I do need to do more testing, however. I confirmed that the whip does add 30 shields, and that production bonuses (say, from being agressive and building a baracks) don't factor into rush math. However, I think there may be some odd legal-whip-check math. A granary costs 40 hammers on quick, but during my last testing session, even when the stored hammers got to 10, I couldn't whip until the city hit pop 4 and beat two people out of the city, at which point the granary went from 18/40 to 78/40, and the carryover of 38 went over just fine. I'd like some other people to play around with the math on the faster gamespeeds, to confirm whether or not this is a bug.



It's worth noting that under normal circumstances, slavery still isn't a terrible civic. You can build up large amounts of unhappy population and whip them away two turns after you discover a new building tech. It's the closest thing to a prebuild you'll see in civ 4. There's pretty much no chance in hell of you whip-rushing a wonder, but "prebuilding" is still handy for things like forges & libraries.
 
GenericKen said:
The quick gamespeed does several things for Slavery:
-Units cost 2/3 less (rounded down)
-City growth costs 2/3 less (rounded down)
-Unhappiness only lasts 6 turns
-Each population point still gives you 30 hammers regardless of gamespeed.

It seems fair to call the last item a bug. It seems completely obvious that if that citizen costs you 2/3 as much food to grow, then you should get 2/3 as many hammers for it.

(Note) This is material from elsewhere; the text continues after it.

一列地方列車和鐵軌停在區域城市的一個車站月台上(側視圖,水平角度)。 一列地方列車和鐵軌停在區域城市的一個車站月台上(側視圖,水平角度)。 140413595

I thought they were more careful to do the scaling correctly this time, than in previous versions of Civ. But, I guess, still not careful enough.
 
Sidenote:
Slavery can be *very* useful in normal and epic mode as well. In my last (singleplayer) epic game I was Spiritual, had Education, 4 decent production cities and roughly 10+ cities with alot of food / commerce (and slightly above their happiness / food limit). I switched to Slavery for 4 turns, whipped one building in alle commerce cities and switched back. This enabled me to keep growing continually + get Oxford faster.
 
DaviddesJ said:
It seems fair to call the last item a bug. It seems completely obvious that if that citizen costs you 2/3 as much food to grow, then you should get 2/3 as many hammers for it.

I thought they were more careful to do the scaling correctly this time, than in previous versions of Civ. But, I guess, still not careful enough.

It seems the problem is that rushing can be done with either gold or population and the calculations for are all based on the gold (which should Not be scaled)

so essentially we have three game speeds
Whipped-slavery very beneficial
Normal-slavery normal
Emancipated-slavery minimally useful
 
GenericKen said:
-Each population point still gives you 30 hammers regardless of gamespeed.

Definitely not the case: in Epic each population point gives you 45 hammers. I haven't checked for normal or marathon speed though.